Lihat ke Halaman Asli

DPT = Momok Klasik Pemilu

Diperbarui: 18 Juni 2015   06:50

Kompasiana adalah platform blog. Konten ini menjadi tanggung jawab bloger dan tidak mewakili pandangan redaksi Kompas.

Bagikan ide kreativitasmu dalam bentuk konten di Kompasiana | Sumber gambar: Freepik

Akhirnya Pilpres berjalan dengan lancar dan berakhir dengan baik.

Suasana terkesan sangat berbeda dibandingkan Pileg kemarin, bahkan Pilpres 5 tahun yang lalu. Bedanya adalah antusiasme warga yang lebih baik dari biasanya, paling tidak itulah yang terlihat di TPS 9 Grogol, Sukoharjo. Walaupun tidak terlalu banyak antrian, namun tingkat partisipasi warga kali ini adalah yang tertinggi dibandingkan dengan sebelumnya. Memang suasana Pilpres 2014 sudah terasa berbeda auranya. Selain masyarakat terpecah pada 2 kubu yang kebetulan berimbang, munculnya perang fitnah dan black campaign yang terasa sangat dominan memicu masyarakat luas secara emosional lebih terlibat dan merasa sangat penting untuk menentukan sikap. Memang memprihatinkan bukan. Jarang terlihat kedua kubu timses beradu konsep membawa Indonesia menjadi lebih baik, tapi justru lebih kental saling menjegal dan menjelekkan. Dari sisi ini, kita patut bersedih, karena wajah demokrasi Indonesia yang konon berjalan semakin baik, namun ternyata prosesnya terkesan menghalalkan segala cara untuk meraih kemenangan.

Kembali ke TPS.

Salah satu hal yang menarik adalah ketika kita mencermati data-data.
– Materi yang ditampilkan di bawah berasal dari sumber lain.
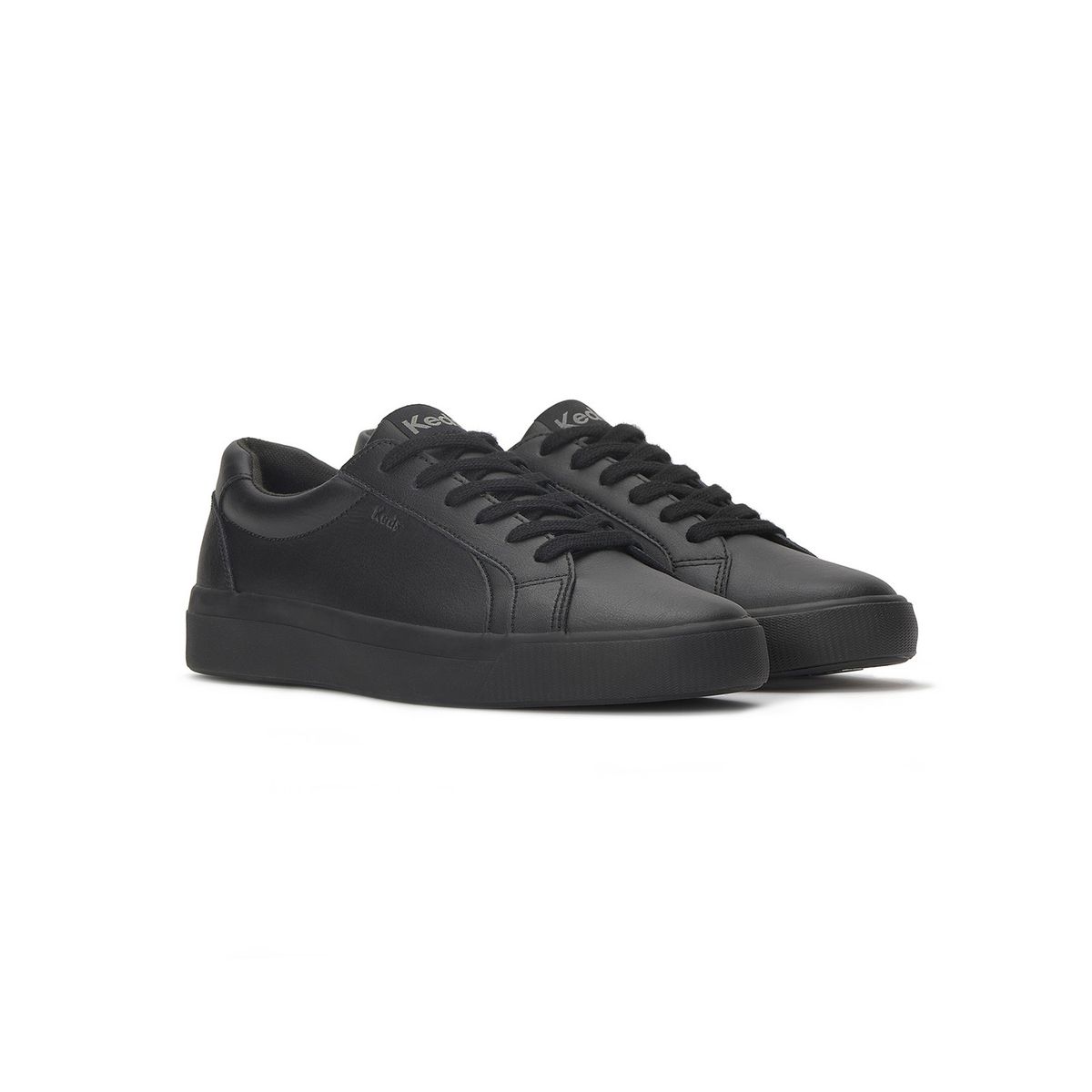 KEDS - Zapatilla Cuero Mujer Pursuit Leather Negro KEDS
Di TPS ini terdaftar 319 nama yang tercantum di DPT, dengan tingkat partisipasi sebanyak 331 surat suara terpakai. Sampai di sini, data tampak normal, dan tingkat partisipasinya bagus. Namun kalau ditelusuri lebih dalam, dari 331 pemilih yang memberikan suara, mereka yang datang memenuhi undangan hanyalah 158 orang, sementara 168 orang memilih menggunakan KTP (karena tidak mendapat undangan), dan 6 orang menggunakan form A5 (dari TPS lain).
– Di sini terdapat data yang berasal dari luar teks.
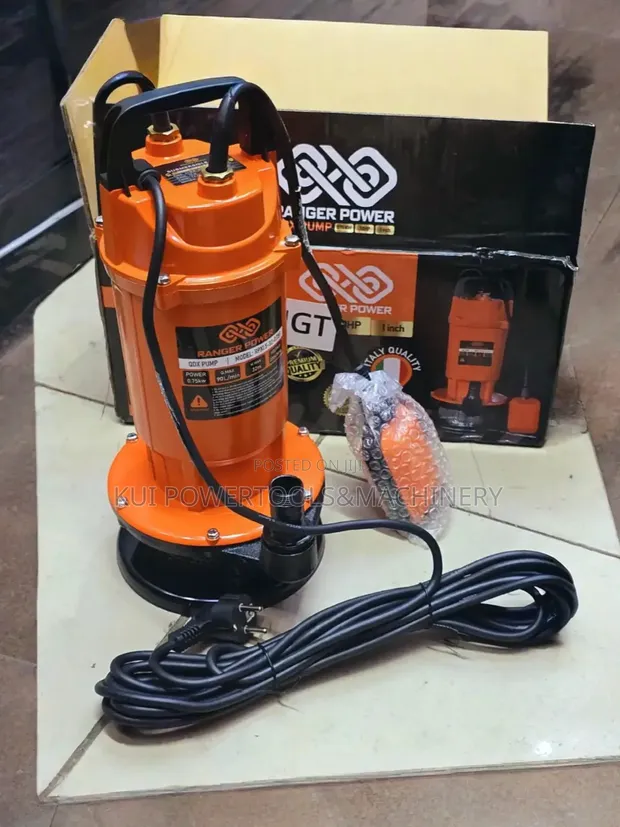 Ranger Power 1HP Submersible Water Pump with Float Switch - 1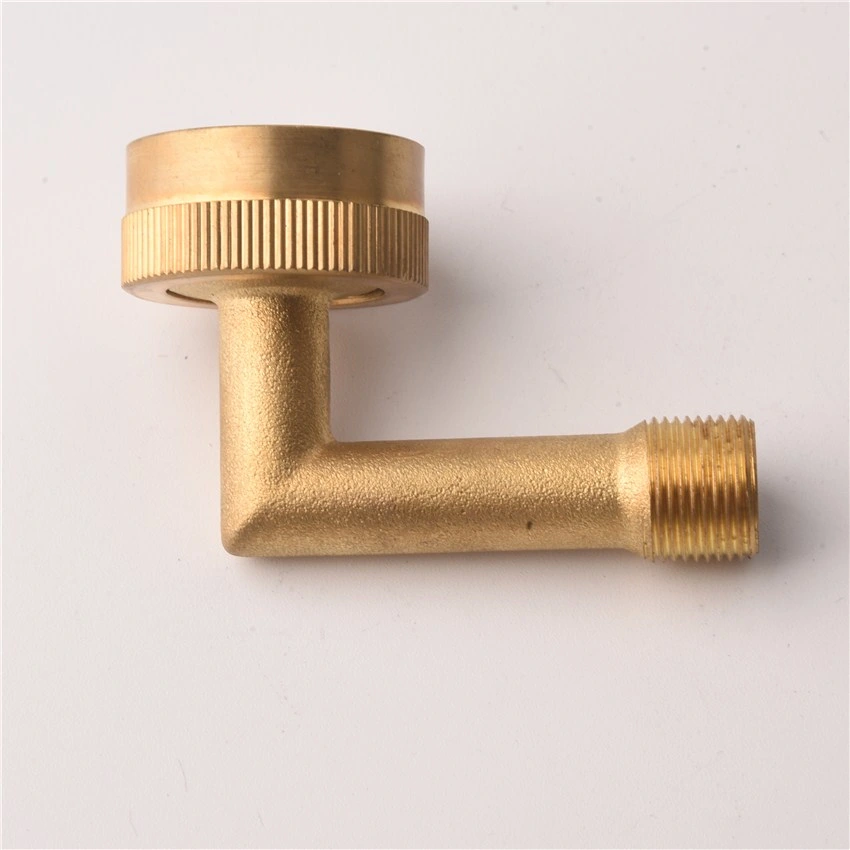 Brass Pipe Elbow Coupling Union Sanitary Tap Connector Fitting for Water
Data di atas menggambarkan adanya permasalahan data pemilih yang sudah tidak up to date. Beberapa persoalan yang mungkin terjadi adalah sebagai berikut :


  • Mutasi orang yang tidak terdeteksi, dalam arti warga yang mendapat undangan itu sudah tidak tinggal lagi di alamat yang tertulis di DPT. Kadang bisa terjadi kesalahan ada pada warga itu sendiri karena pindah ke kota lain namun tidak mau mengurus surat pindah.
  • Data yang tertukar dengan TPS lain, terutama TPS yang bersebelahan karena kesalahan dalam melakukan cut-off data.
  • Alamat tidak jelas sehingga kesulitan dalam pengiriman undangan.
  • Ada warga yang tidak terdeteksi. Hal ini terkait dengan keterlambatan pengkinian data, karena data yang muncul belum mengakomodasi mutasi orang, atau warisan Pantarlih jaman dulu, khususnya  pada orang-orang yang memang sulit ditemui untuk di data.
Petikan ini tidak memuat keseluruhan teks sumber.